Scientists have made a significant breakthrough in understanding the cancer-promoting action of Aristolochic Acid (AA).
A natural product of Aristolochia plants traditionally used in some Asian herbal remedies for weight loss and slimming.
Using advanced DNA sequencing technologies, the team from the National Cancer Centre Singapore, Duke-NUS Graduate Medical School Singapore, and Taiwan's Chang Gung Memorial Hospital, LinKou, led by Professors Teh Bin Tean, See-Tong Pang, Patrick Tan and Steve Rozen discovered that AA is the most potent carcinogen identified to date, causing more DNA mutations than cigarette smoke or ultraviolent light.
The team also discovered that besides its previously known contribution to kidney failure and a form of kidney cancer, AA may also contribute to liver cancer.
The team identified a "genetic fingerprint" of AA exposure that may pave the way to new approaches to detect AA presence in humans and the environment.

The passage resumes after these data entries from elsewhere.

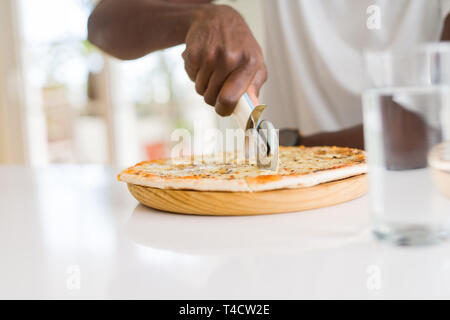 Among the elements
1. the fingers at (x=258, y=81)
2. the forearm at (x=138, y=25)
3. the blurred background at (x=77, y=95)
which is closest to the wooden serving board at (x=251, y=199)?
the fingers at (x=258, y=81)

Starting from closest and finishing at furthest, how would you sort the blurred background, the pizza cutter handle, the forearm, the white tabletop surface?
the white tabletop surface → the pizza cutter handle → the forearm → the blurred background

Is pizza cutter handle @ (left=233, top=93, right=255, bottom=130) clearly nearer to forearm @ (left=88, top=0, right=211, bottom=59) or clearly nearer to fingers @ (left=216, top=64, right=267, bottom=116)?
fingers @ (left=216, top=64, right=267, bottom=116)

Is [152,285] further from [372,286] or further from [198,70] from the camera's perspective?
[198,70]

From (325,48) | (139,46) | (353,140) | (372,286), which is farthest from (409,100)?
(325,48)

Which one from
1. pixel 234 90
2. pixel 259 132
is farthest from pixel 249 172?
pixel 234 90

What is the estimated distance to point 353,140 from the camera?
1150 millimetres

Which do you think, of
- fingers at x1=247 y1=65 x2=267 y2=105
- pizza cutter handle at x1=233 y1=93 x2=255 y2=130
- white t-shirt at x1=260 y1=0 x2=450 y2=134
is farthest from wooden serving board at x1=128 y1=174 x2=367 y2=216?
white t-shirt at x1=260 y1=0 x2=450 y2=134

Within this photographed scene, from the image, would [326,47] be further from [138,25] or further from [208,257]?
[208,257]

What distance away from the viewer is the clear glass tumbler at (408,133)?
17.7 inches

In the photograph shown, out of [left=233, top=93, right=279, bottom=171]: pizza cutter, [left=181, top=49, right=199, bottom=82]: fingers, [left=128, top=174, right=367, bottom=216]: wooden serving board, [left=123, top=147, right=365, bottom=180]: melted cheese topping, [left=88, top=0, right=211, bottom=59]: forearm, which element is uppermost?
[left=88, top=0, right=211, bottom=59]: forearm

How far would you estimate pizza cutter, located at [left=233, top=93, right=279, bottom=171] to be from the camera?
2.51 ft

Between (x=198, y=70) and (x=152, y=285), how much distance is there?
1.96ft

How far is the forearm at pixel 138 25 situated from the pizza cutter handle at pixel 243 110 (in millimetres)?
311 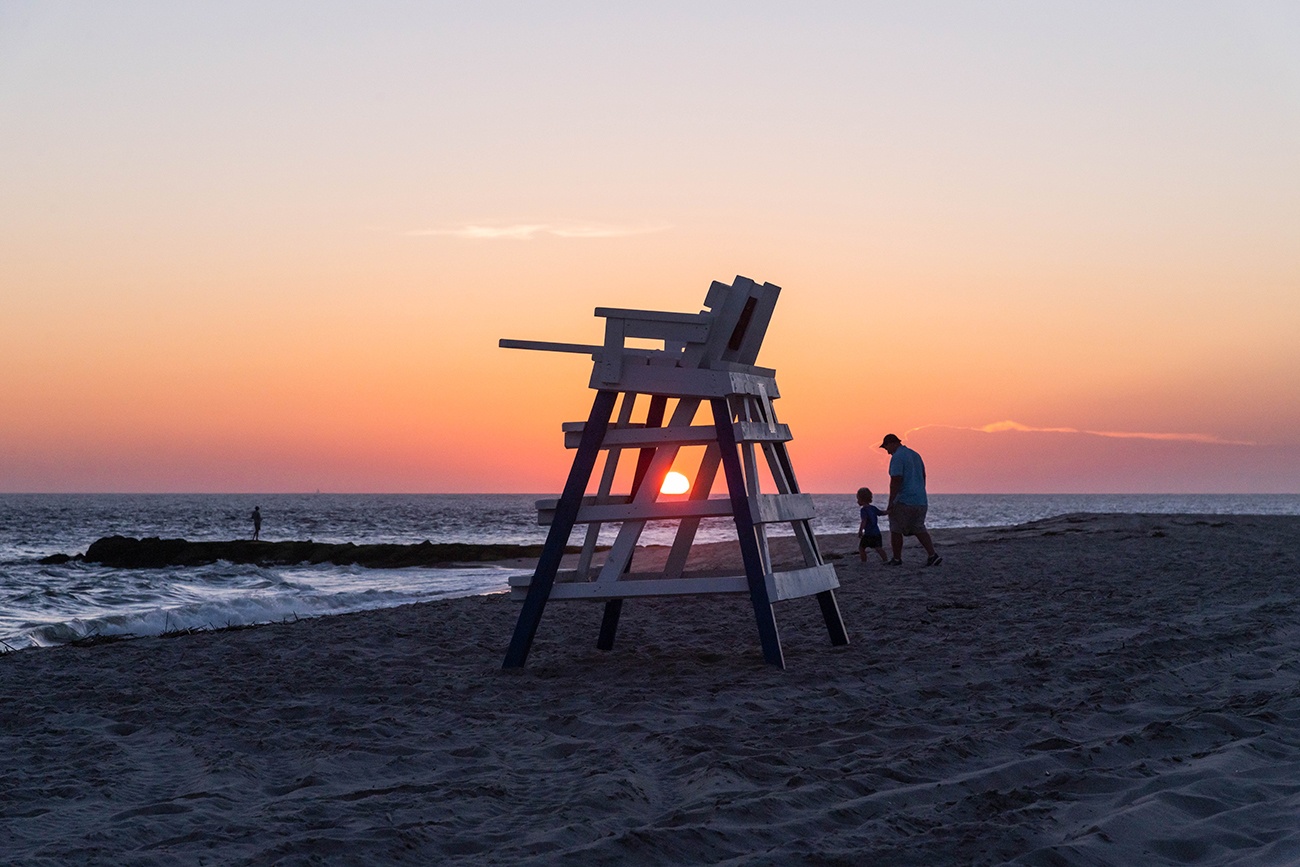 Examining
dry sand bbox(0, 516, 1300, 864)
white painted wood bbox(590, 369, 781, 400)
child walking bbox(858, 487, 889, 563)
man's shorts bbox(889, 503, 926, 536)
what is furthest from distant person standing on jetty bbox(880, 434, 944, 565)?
white painted wood bbox(590, 369, 781, 400)

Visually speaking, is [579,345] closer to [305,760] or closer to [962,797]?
[305,760]

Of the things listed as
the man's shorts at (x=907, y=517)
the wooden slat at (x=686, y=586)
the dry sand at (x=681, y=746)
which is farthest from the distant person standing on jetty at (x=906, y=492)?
the wooden slat at (x=686, y=586)

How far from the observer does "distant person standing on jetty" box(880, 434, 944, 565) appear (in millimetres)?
13391

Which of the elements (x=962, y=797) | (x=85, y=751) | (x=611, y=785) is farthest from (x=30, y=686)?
(x=962, y=797)

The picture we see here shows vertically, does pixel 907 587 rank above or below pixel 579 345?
below

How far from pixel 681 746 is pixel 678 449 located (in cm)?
254

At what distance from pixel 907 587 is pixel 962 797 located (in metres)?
7.58

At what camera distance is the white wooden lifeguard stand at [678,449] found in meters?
6.03

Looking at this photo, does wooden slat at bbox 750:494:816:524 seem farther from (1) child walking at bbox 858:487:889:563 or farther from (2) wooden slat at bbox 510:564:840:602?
(1) child walking at bbox 858:487:889:563

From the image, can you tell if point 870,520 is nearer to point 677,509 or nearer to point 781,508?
point 781,508

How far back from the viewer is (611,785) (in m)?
3.66

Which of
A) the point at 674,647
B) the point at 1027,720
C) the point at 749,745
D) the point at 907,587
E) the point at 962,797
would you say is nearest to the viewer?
the point at 962,797

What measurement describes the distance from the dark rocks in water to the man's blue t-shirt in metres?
13.7

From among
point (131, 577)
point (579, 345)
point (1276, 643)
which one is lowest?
point (131, 577) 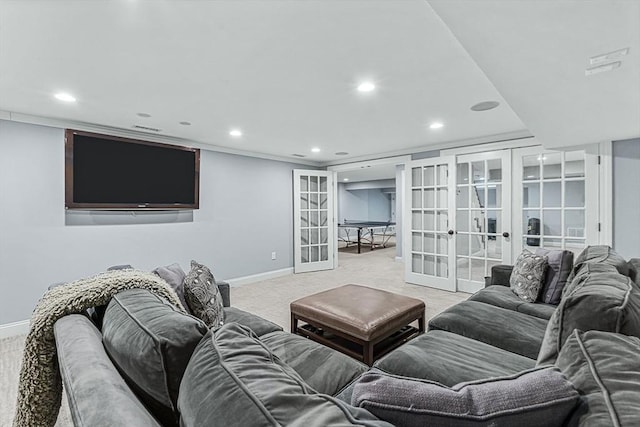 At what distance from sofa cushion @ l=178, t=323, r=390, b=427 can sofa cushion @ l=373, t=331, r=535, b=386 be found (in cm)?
92

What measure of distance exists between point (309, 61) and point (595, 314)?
1964 millimetres

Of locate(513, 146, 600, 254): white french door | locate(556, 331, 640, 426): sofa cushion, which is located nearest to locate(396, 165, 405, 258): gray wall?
locate(513, 146, 600, 254): white french door

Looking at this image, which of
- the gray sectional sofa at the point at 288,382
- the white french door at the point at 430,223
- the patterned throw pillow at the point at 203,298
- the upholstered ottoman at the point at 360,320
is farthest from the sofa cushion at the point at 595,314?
the white french door at the point at 430,223

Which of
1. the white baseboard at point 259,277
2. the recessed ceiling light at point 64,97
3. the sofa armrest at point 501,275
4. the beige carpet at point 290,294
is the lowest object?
the beige carpet at point 290,294

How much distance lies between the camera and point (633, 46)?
1.37 meters

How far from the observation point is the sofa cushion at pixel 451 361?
143 cm

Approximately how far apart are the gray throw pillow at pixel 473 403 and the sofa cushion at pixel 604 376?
4 centimetres

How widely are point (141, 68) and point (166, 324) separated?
1959 mm

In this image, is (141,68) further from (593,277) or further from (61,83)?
(593,277)

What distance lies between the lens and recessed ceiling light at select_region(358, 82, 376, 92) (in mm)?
2389

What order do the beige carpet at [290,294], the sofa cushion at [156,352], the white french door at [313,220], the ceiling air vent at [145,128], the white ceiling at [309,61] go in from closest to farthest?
1. the sofa cushion at [156,352]
2. the white ceiling at [309,61]
3. the beige carpet at [290,294]
4. the ceiling air vent at [145,128]
5. the white french door at [313,220]

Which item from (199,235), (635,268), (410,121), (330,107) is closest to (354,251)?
(199,235)

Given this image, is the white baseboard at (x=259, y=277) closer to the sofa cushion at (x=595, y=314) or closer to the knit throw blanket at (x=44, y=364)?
the knit throw blanket at (x=44, y=364)

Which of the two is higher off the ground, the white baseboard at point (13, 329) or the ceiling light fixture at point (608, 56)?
the ceiling light fixture at point (608, 56)
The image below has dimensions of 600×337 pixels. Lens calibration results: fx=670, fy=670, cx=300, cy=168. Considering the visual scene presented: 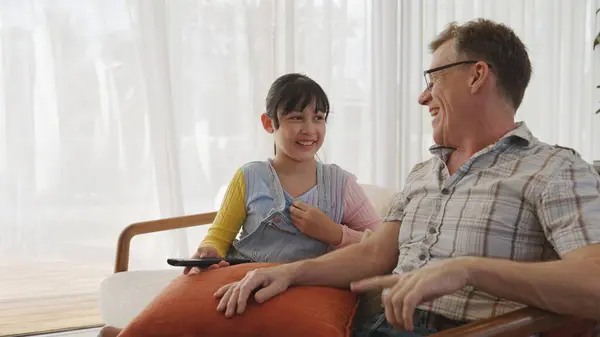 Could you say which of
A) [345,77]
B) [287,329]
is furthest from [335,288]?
[345,77]

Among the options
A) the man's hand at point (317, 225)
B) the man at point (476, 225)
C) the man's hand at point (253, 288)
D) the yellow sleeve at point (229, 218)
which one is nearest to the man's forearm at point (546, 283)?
the man at point (476, 225)

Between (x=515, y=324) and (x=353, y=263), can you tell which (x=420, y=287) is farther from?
(x=353, y=263)

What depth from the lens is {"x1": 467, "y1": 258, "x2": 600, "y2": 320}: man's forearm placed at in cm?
112

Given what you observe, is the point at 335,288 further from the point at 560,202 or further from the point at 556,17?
the point at 556,17

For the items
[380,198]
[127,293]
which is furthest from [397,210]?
[127,293]

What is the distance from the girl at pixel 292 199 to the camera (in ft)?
6.22

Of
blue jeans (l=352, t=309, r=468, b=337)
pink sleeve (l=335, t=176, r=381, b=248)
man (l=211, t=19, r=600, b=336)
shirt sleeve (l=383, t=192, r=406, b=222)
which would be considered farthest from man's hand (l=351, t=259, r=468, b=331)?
pink sleeve (l=335, t=176, r=381, b=248)

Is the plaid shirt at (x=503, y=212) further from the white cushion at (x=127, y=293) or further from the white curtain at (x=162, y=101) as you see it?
the white curtain at (x=162, y=101)

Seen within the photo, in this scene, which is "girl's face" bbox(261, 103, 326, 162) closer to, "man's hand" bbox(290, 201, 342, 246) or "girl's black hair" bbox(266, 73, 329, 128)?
"girl's black hair" bbox(266, 73, 329, 128)

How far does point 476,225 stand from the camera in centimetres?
139

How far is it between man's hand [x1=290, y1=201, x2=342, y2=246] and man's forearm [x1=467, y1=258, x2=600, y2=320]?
716 millimetres

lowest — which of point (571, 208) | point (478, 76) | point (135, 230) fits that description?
point (135, 230)

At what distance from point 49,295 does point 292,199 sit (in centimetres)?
169

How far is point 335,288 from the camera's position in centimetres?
145
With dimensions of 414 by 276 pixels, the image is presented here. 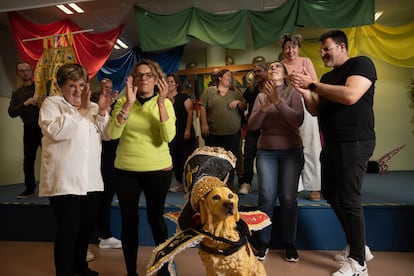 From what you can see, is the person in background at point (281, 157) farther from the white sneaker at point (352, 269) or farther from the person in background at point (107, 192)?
the person in background at point (107, 192)

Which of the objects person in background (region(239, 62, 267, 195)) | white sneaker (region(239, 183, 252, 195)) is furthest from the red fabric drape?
white sneaker (region(239, 183, 252, 195))

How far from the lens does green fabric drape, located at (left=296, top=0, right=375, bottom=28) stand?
11.0ft

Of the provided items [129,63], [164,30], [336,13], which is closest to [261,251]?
[336,13]

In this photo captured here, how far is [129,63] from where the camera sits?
5438mm

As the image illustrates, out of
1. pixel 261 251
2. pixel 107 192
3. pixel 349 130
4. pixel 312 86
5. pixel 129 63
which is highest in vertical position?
pixel 129 63

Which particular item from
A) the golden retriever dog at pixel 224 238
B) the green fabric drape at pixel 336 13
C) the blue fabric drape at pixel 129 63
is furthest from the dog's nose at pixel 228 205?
the blue fabric drape at pixel 129 63

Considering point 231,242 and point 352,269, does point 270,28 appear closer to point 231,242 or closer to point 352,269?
point 352,269

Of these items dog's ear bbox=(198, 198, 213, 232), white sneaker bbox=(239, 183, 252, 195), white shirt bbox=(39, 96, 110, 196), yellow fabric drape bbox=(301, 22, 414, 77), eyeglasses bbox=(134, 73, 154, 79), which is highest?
yellow fabric drape bbox=(301, 22, 414, 77)

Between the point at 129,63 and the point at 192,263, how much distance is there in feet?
13.7

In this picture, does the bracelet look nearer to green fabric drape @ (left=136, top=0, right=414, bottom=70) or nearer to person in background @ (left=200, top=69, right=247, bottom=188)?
person in background @ (left=200, top=69, right=247, bottom=188)

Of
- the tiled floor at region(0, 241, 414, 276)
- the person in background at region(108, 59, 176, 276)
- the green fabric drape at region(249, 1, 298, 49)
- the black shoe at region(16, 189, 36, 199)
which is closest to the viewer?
the person in background at region(108, 59, 176, 276)

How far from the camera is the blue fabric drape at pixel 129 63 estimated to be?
5035 millimetres

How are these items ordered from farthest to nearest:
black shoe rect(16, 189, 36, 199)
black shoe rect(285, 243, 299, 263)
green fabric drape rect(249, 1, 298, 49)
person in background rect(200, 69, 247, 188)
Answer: green fabric drape rect(249, 1, 298, 49) → black shoe rect(16, 189, 36, 199) → person in background rect(200, 69, 247, 188) → black shoe rect(285, 243, 299, 263)

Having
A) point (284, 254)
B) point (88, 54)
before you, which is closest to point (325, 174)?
point (284, 254) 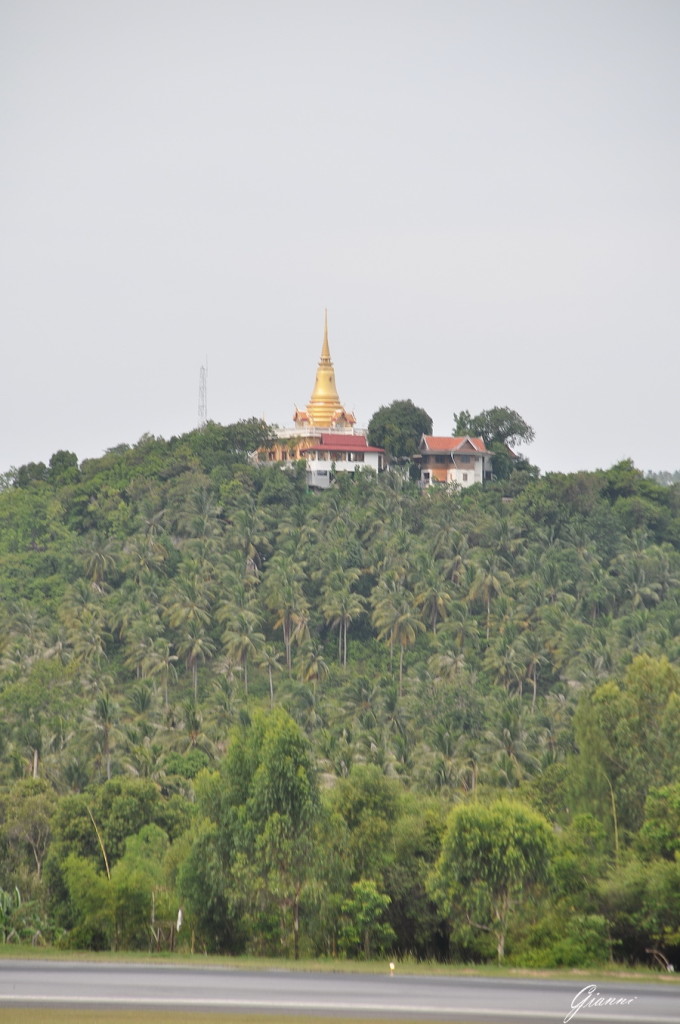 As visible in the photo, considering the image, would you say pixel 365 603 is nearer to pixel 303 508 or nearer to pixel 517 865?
pixel 303 508

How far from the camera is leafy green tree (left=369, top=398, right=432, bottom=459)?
123 metres

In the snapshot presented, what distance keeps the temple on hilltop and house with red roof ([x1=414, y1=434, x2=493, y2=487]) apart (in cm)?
325

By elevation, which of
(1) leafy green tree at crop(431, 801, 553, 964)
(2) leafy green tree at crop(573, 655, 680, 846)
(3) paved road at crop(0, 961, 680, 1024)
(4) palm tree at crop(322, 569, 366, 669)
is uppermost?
(4) palm tree at crop(322, 569, 366, 669)

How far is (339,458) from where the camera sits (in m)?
124

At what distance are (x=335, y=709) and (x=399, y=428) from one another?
34934 mm

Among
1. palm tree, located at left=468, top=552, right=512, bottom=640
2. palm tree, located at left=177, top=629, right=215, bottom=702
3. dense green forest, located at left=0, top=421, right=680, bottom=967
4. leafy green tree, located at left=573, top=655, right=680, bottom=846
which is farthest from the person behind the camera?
palm tree, located at left=468, top=552, right=512, bottom=640

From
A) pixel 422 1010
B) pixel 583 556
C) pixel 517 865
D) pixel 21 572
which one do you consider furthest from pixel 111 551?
pixel 422 1010

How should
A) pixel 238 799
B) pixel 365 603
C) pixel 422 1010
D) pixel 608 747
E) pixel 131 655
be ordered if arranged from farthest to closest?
pixel 365 603
pixel 131 655
pixel 608 747
pixel 238 799
pixel 422 1010

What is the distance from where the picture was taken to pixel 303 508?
11769 centimetres

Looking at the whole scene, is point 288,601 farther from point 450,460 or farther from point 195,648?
point 450,460

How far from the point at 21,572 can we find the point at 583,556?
37.1 metres

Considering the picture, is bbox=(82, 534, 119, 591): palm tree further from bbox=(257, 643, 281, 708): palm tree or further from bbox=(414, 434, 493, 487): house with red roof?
bbox=(414, 434, 493, 487): house with red roof

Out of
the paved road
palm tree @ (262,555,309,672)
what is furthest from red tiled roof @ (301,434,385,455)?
the paved road

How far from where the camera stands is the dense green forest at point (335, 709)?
174 ft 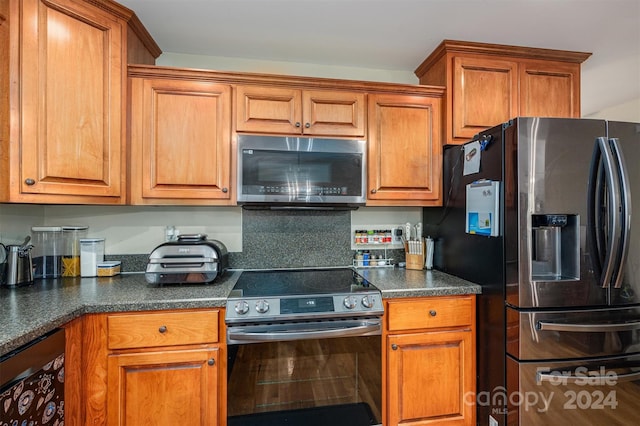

AA is a natural compound found in Aristolochia plants commonly used in traditional herbal preparations for various health problems such as weight-loss, menstrual symptoms and rheumatism.
It was officially banned in Europe and North America since 2001 and in Asia since 2003.
However, its long-term impact is still being felt as patients with associated kidney failure and cancer are still being diagnosed, especially in Taiwan.
In addition, certain AA-containing products are still permitted under supervision and products containing AA are still easily available worldwide, including over the internet.
The potent cancer-promoting activity of AA strongly warrants efforts to restrict the use of AA containing products, including health supplements.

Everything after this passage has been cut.